Come ci si veste nelle altre nazioni
Il panorama estero appare variegato e l’uso di uniformi a scuola è più o meno abituale in base alle proprie tradizioni culturali ed educative. In Francia, l’utilizzo delle uniformi scolastiche non è molto diffuso, né generalmente richiesto dalla scuola pubblica o dai collegi privati. Anche in Spagna non se ne prevede l’obbligatorietà nella scuola pubblica: è il consiglio d’istituto, in collaborazione con i genitori, dei ragazzi che ne determina l’eventuale uso. E’ consuetudine, invece, per le scuole private o religiose. In Inghilterra, la richiesta è più ampia. In quei casi le divise, oltre che di costo contenuto, devono essere rispettose dei sessi e delle tradizioni religiose: si è liberi, per esempio, di indossare turbante e velo. Alle elementari è generalmente in uso una polo o camicia e felpa, nei licei una maglia con i colori della scuola o in alternativa una camicia bianca, con cravatta e pantaloni per i maschi, o con gonna di colore scuro per le femmine.
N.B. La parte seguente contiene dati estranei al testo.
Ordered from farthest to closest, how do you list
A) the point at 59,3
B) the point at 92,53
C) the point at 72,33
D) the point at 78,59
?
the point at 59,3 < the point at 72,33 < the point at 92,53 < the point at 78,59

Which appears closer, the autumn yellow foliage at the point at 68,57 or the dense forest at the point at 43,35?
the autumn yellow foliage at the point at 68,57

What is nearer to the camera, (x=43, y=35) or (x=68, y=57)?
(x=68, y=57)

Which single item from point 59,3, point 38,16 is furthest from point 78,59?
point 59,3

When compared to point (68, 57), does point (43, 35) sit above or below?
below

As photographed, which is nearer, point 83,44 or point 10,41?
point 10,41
Negli USA molti grandi distretti ne impongono l’adozione a tutte le scuole, mentre in altri la decisione è lasciata alle singole istituzioni scolastiche.
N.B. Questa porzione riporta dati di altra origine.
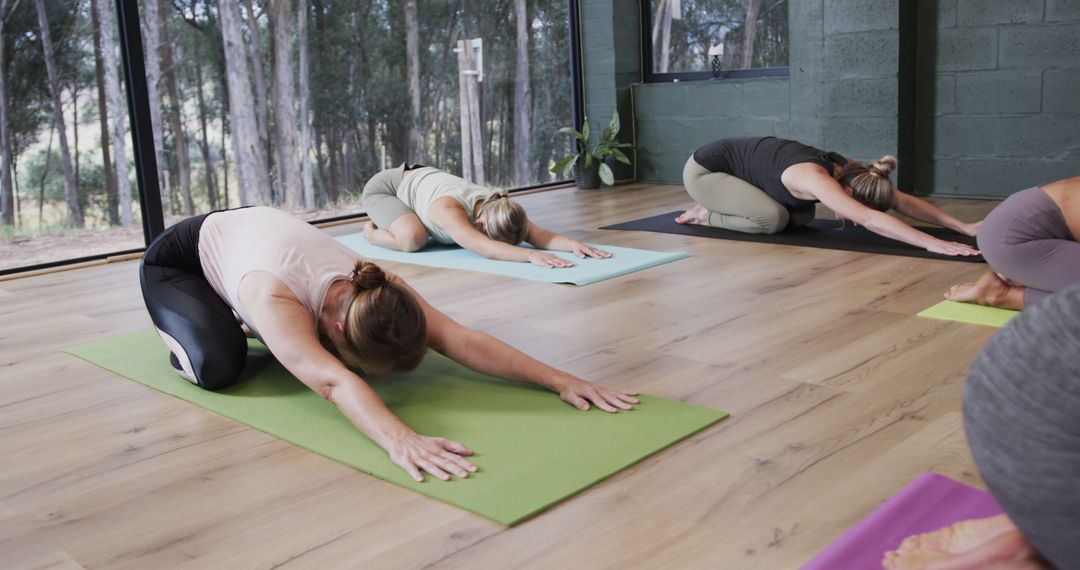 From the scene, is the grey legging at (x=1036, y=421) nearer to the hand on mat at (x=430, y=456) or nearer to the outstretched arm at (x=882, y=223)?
the hand on mat at (x=430, y=456)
Il valore educativo e sociale
Quale significato dare alla parola uniforme-divisa scolastica? Ormai da circa vent’anni è l’interrogativo che fonda il dibattito tra favorevoli e contrari. Funzione identificativa e senso di appartenenza a un gruppo, maggiore ordine e disciplina, miglior rendimento scolastico, netta diminuzione dell’assenteismo, delle disuguaglianze e delle conseguenti discriminazioni da un lato, oppure appiattimento dell’io, repressione dell’espressività e della fantasia personali, militarizzazione e standardizzazione del gruppo dall’altro? Uno studio americano, della seconda metà degli anni novanta sostiene gli effetti positivi conseguenti all’uso delle divise sui ragazzi sia a livello comportamentale sia disciplinare. La società del consumo, con l’esagerata importanza attribuita alle cose materiali, apparire più che essere, inevitabilmente favorisce l’insorgere di comportamenti discriminatori, soprattutto nel mondo giovanile. Il bullismo scolastico, attuale piaga sociale, è un grave e pericoloso fenomeno, che potrebbe, in molti casi, essere arginato dall’uso di un abbigliamento che uniformi il gruppo e lo identifichi, anche a detta di molti psicologi. Indossare una divisa, infatti, potrebbe migliorare la vita tra i banchi infondendo più sicurezza nel singolo, rendendolo parte di uno stesso gruppo e contribuendo notevolmente alla diffusione di un clima di maggiore coesione e solidarietà. Il ritorno della divisa scolastica, non come nostalgica rievocazione del passato dunque, livellerebbe le evidenti differenze socio-economiche e stimolerebbe gli studenti alla maggiore concentrazione sulle proprie capacità intellettive e personali, in un ambiente neutro di sana competizione, con il conseguente miglioramento relazionale, dell’apprendimento e della crescita personale. La scuola luogo per eccellenza di divulgazione della cultura e dell’educazione, non dovrebbe essere una indecorosa passerella di prêt-à-porter. Agevolato ne risulterebbe inoltre, l’impegno mattutino dei genitori nella scelta del vestiario dei propri figli. Fondamentale, come sempre, è il ruolo della famiglia, che in costante collaborazione con gli insegnanti, è chiamata ad accogliere e trasmettere il rispetto delle regole e degli altri, e la valorizzazione dell’intelligenza come miglior strumento di relazione.